- **Task prompt**: Would you please repeat the lines in the listing below from the one containing "ein Wohnzimmer mit" through the final one, exactly as they appear?

*** Records for the task Section Begins ***

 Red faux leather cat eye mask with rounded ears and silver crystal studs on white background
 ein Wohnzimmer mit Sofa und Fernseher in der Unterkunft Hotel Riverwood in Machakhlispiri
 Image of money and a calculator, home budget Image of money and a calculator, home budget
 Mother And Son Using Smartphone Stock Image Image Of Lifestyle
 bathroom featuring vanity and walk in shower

*** Records for the task Section Ends ***

- **Exercise output**:
 ein Wohnzimmer mit Sofa und Fernseher in der Unterkunft Hotel Riverwood in Machakhlispiri
 Image of money and a calculator, home budget Image of money and a calculator, home budget
 Mother And Son Using Smartphone Stock Image Image Of Lifestyle
 bathroom featuring vanity and walk in shower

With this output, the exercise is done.